PROVIDED RECORDS:
^^^^^^^^

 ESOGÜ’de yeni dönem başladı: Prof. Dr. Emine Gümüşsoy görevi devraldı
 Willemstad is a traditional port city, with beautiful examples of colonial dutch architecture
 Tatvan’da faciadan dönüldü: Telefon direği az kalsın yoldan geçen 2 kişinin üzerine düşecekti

^^^^^^^^

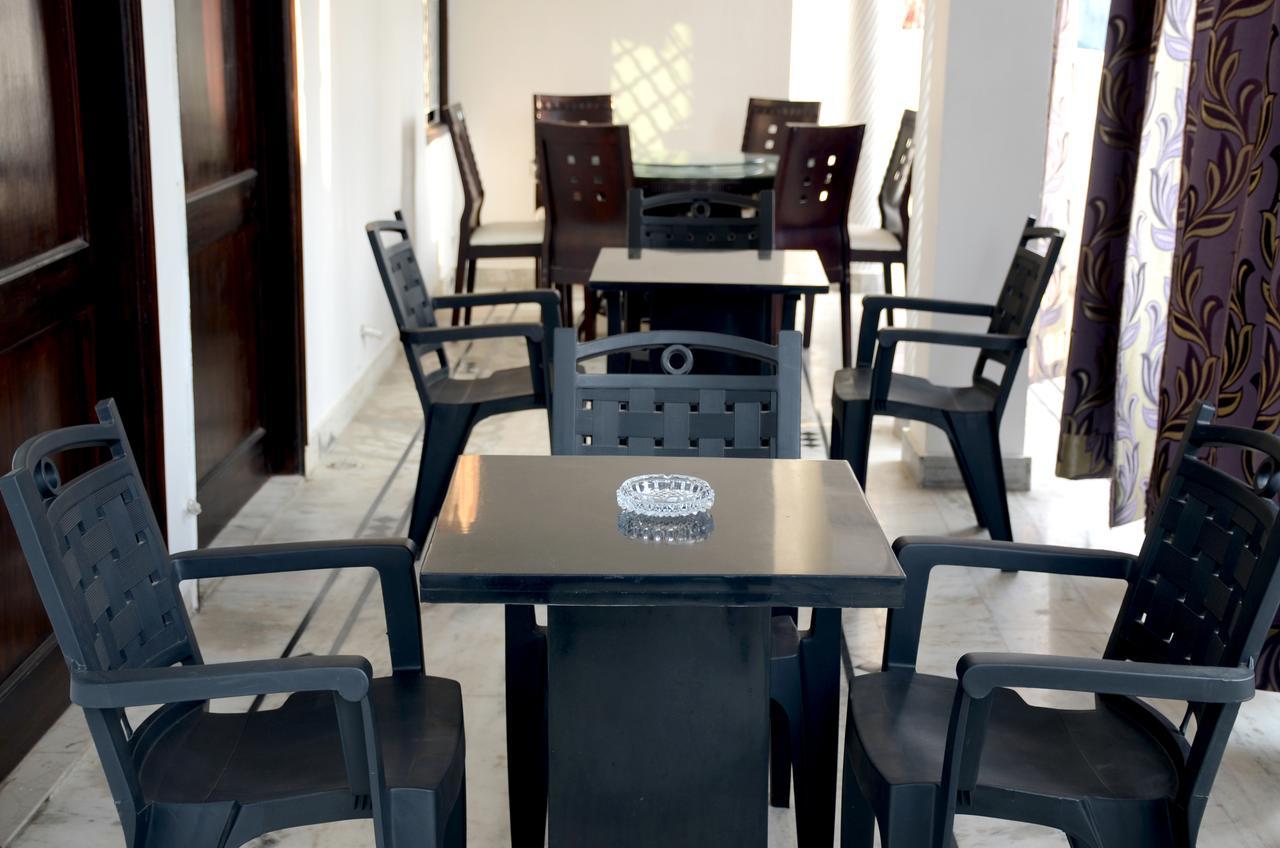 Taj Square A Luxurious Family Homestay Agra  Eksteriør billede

^^^^^^^^

REQUIRED WORK: What is needed is a verbatim copy of every line in the records above from the one containing "ESOGÜ’de yeni dönem" down to the one containing "Tatvan’da faciadan dönüldü: Telefon", both included, and nothing more.

EXERCISE ANSWER:
 ESOGÜ’de yeni dönem başladı: Prof. Dr. Emine Gümüşsoy görevi devraldı
 Willemstad is a traditional port city, with beautiful examples of colonial dutch architecture
 Tatvan’da faciadan dönüldü: Telefon direği az kalsın yoldan geçen 2 kişinin üzerine düşecekti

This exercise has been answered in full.